Data on the number of lung isolation device repositionings are shown in Figure 4. There were significantly more frequent repositionings with the BBs (35 incidents) compared with DLTs (two incidents) (P = 0.009). The Arndt BBs needed to be repositioned 16 times, the Fuji BB 11 times and the Cohen BB 8 times. The Arndt BBs needed to be repositioned more often than the other BBs (P = 0.032). Early Suction applied to the Cohen BB (P = 0.018) and DLT (P = 0.019) significantly increased the LCS when compared with late suction but not with the Arndt BB or Fuji BBs (Fig. 5).
There was a significant difference in the mean peak airway pressures between BB (19 cm H2O) and DLT (16 H2O). There was no difference in the mean tidal volumes among the groups (P = 0.66). The pH was significantly lower (P = 0.007) and Paco2 significantly (P = 0.015) higher in the BB group than in the DLT group (Table 1).
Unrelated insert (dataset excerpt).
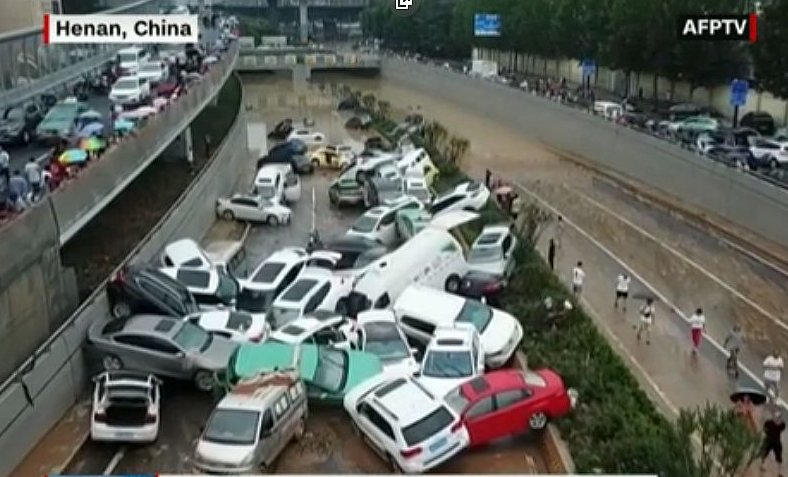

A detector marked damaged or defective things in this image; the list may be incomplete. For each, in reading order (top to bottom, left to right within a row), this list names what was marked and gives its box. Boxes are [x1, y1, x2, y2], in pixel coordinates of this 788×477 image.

pile of crashed car [86, 114, 576, 472]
Left-sided DLT tubes are commonly used for lung isolation. There has been a recent increase in interest in the use of BBs for OLV after the introduction of new blocker designs and because of the widening scope of surgical procedures requiring lung isolation, such as minimally invasive cardiac procedures and transthoracic spine surgery.10 Although, widely used clinically, DLTs are associated with several limitations, including difficulty with insertion and positioning in patients with abnormal upper or lower airway anatomy and in patients with difficult airways. Further, the use of DLTs requires the change to a single-lumen ETT at the completion of surgery if the patient requires postoperative ventilatory support. This may present challenges in the presence of facial edema, secretions, laryngeal trauma from the initial intubation and large fluid shifts during surgery. Moreover, DLTs, when compared with a single-lumen ETT, are associated with more airway trauma, leading to postoperative hoarseness and throat pain.11 The new BBs, therefore, offer a reasonable alternative to DLTs in such clinical situations. Although the efficacy of right- or left-sided DLT and Univent tubes® has been reported,12,13 there has been no prospective study comparing the effectiveness of lung isolation with the new BBs and DLTs.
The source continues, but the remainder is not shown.